** Given data follows **

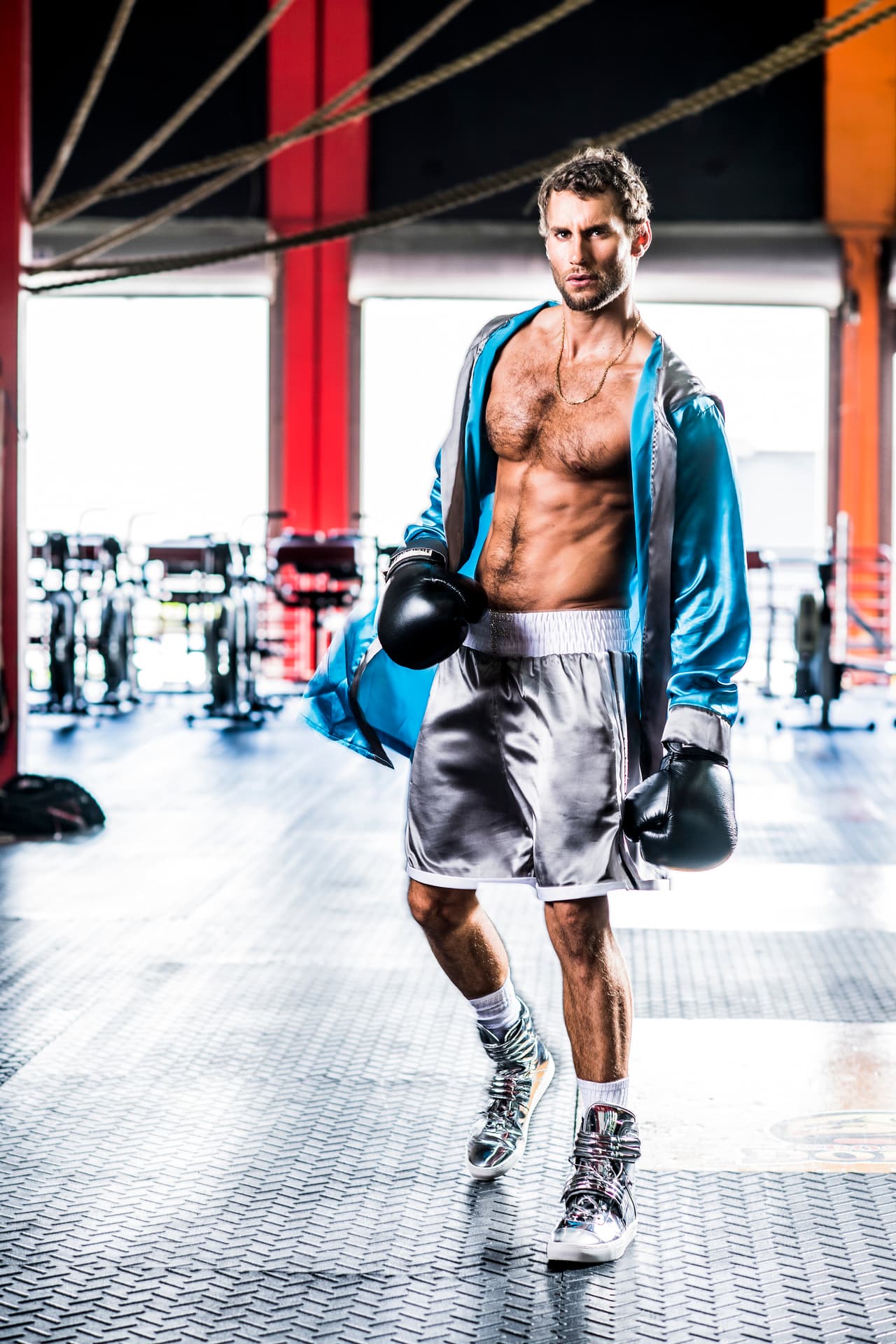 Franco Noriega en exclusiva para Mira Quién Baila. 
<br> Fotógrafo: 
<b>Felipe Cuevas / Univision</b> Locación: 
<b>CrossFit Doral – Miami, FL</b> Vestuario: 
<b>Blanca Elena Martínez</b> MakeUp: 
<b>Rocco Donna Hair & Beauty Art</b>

** End of Given data **
** Given data follows **

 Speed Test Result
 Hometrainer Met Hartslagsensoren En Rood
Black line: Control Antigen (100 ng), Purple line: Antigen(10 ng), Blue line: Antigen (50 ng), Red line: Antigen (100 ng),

** End of Given data **

■ Task directions
Starting with the line above that holds "Franco Noriega en", restate each line word for word up to and including the line that holds "<b>Rocco Donna Hair & Beauty Art</b>". Drop the pictures.

■ Answer to this exercise
 Franco Noriega en exclusiva para Mira Quién Baila. 
<br> Fotógrafo: 
<b>Felipe Cuevas / Univision</b> Locación: 
<b>CrossFit Doral – Miami, FL</b> Vestuario: 
<b>Blanca Elena Martínez</b> MakeUp: 
<b>Rocco Donna Hair & Beauty Art</b>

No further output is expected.